Por Suzana Stefanovic
Es un tópico, pero no lo es en vano, que el violonchelo es el instrumento que más recuerda a la voz humana. Su registro reproduce fielmente el alcance de la voz y, seguramente, es por eso por lo que se le confían las melodías más emotivas del repertorio sinfónico. Nobleza, serenidad, ternura… ¿quién no las ha oído en los temas de las sinfonías de Brahms, Mahler, Beethoven?; fuerza y poderío, también, en las de Shostakóvich; magia en obras de Debussy; el chelo puede expresar todo lo que un ser humano puede llegar a sentir.
No siempre se ha utilizado de esta forma. En sus inicios, el chelo fue sobre todo la base imprescindible de cualquier melodía, el bajo continuo, la voz presente en toda aria, coro o recitativo del repertorio barroco, que pone el fundamento armónico, que baila con el ritmo, que subraya, incita y guía. Fue en el Clasicismo cuando se le empezó a encomendar un papel más protagonista. Beethoven le confió grandes y nobles temas en todas sus sinfonías, culminadas con ese sobrecogedor recitativo del final de la Novena, donde los chelos, junto con sus hermanos contrabajos, rugen, declaman y suplican con la humanidad de su voz.
El Romanticismo significó el principio de la verdadera edad dorada para el violonchelo sinfónico, su capacidad expresiva se utilizó al máximo. Desde las delicadas melodías de Schubert, el Schumann atormentado o sereno, a la pasión contenida de Brahms, quien lo empareja sabiamente con las trompas, creando una plenitud de sonido difícil de superar. Brahms es también creador de la melodía más sentida para el violonchelo como instrumento solista desde dentro de la orquesta, encomendándole un movimiento entero de su Segundo Concierto para piano.

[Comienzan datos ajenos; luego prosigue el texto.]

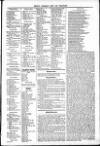 Leamington Advertiser, and Beck's List of Visitors Saturday 28 July 1849 Page 3
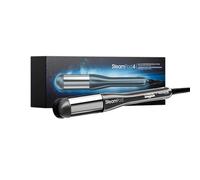 L’Oréal Professionnel SteamPod 4 Meteora Limited Edition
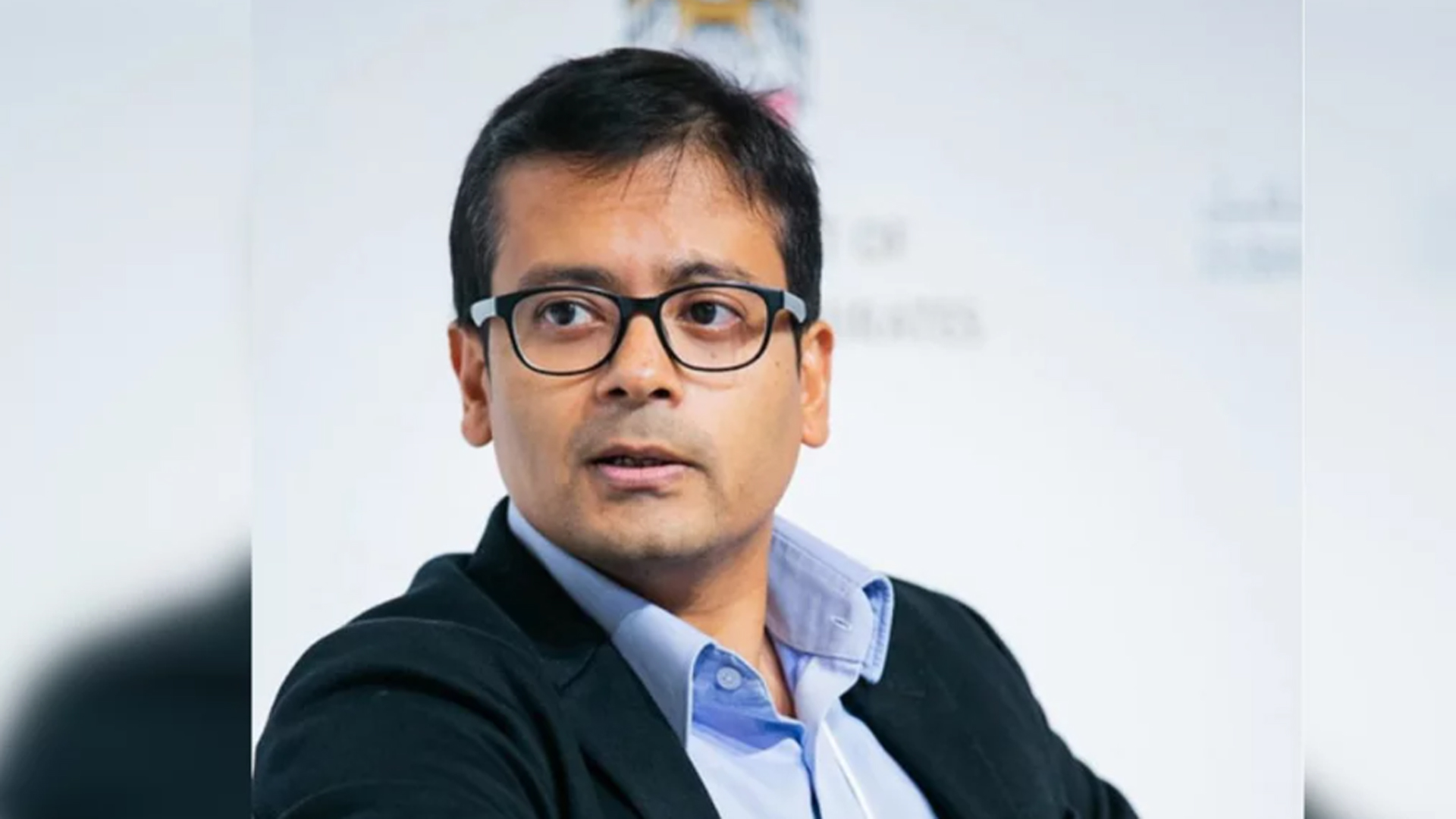 বিদেশি শ্রমিক পাঠাতে সরকার কখনো অভিভাবক হতে পারে না: লুৎফে সিদ্দিকী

La experimentación con los límites del instrumento da un gran paso adelante con el Impresionismo: se toca por encima del batidor, con glissandos infinitos, aflorando todos los armónicos que tiene el chelo, un ejercicio de imaginación que todavía no ha concluido en nuestros días. Cuando piensas que ya no te sorprenderá, te encuentras con una nueva partitura en el atril que te pide no solo destreza técnica, sino un esfuerzo intelectual para entender todo lo que el compositor ha imaginado. Y los hay con una imaginación prodigiosa, como Helmut Lachenmann, con quien hemos colaborado asiduamente, y cuyas obras llevan al instrumento -y al intérprete- al límite.

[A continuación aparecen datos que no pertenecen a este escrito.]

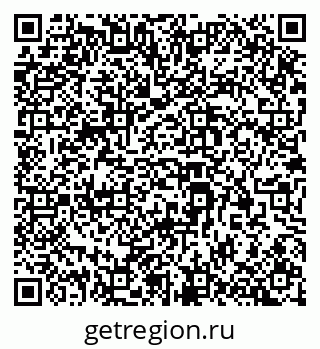 79914387997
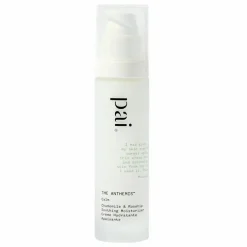 Crème The Anthemis Hydratante Apaisante - 50 ml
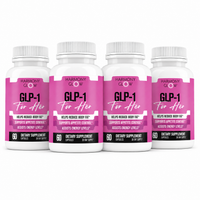 GLP-1 For Her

Volviendo al Impresionismo, Debussy utilizó mucho un recurso que se generalizaría a partir de entonces: dividir la sección en varias voces, creando una especie de orquesta dentro de la orquesta. El pasaje más conocido escrito de esta forma está en La Mer, donde los chelos representan muy fielmente el juego del viento con las olas. La utilización virtuosa del chelo en la orquesta es imparable y Richard Strauss es el responsable de algunos de los pasajes más exigentes de nuestro repertorio. Escuchen Don Juan, La vida del héroe y, muy especialmente, Don Quijote, en el que el violonchelo es nada menos que el ingenioso hidalgo y, como tal, despliega todas sus “armas” expresivas y técnicas.

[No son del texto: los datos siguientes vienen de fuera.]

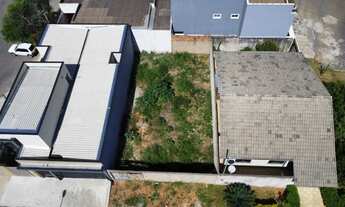 Imagem 4: Excelente Lote no Setor Militar (SRO) Planaltina-DF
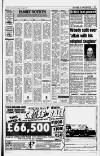 South Wales Echo Monday 17 August 1992 Page 13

Las sinfonías de Mahler abren nuevos mundos sonoros y, de nuevo, nuestra sección es protagonista de muchas páginas mágicas, nostálgicas o robustas. La invención no parece tener fin. La segunda mitad del siglo XX trae las grandes sinfonías de Prokofiev y Shostakóvich, donde el chelo es tratado con el mismo virtuosismo técnico que el violín, con melodías en los registros más agudos, sin olvidarse de su capacidad para dejar al oyente sobrecogido cuando explora los bajos más graves. El mundo de la ópera -que nuestra Orquesta aborda puntualmente-, guarda algunas de las joyas más preciadas de nuestro repertorio. Puccini, Wagner o Verdi supieron sacar el máximo partido a la capacidad expresiva de nuestro instrumento. Este último nos hace subir a los cielos en un pasaje famoso del principio del Ofertorio de su Réquiem, una obra que afortunadamente sí interpretamos a menudo.
¿Que nos traerá el futuro? Nadie sabe. Se nos ha pedido lo que parecía imposible pero con cada obra nueva se empujan los límites un poco más. Tocar el instrumento con objetos que no sean el arco, amplificarlo, emparejarlo con sonidos electrónicos… El tiempo dirá en qué dirección evoluciona el chelo en la orquesta y todo el género en sí. Lo que está claro es que para desempeñar nuestro oficio hoy en día se precisa no solo del control absoluto del instrumento, sino de una versatilidad que nos permita abordar desde el bajo continuo de una pasión de Bach hasta la hoja con las instrucciones de uso que casi siempre acompaña a una obra actual. La vida de un chelista en una orquesta de hoy en día es cualquier cosa menos aburrida.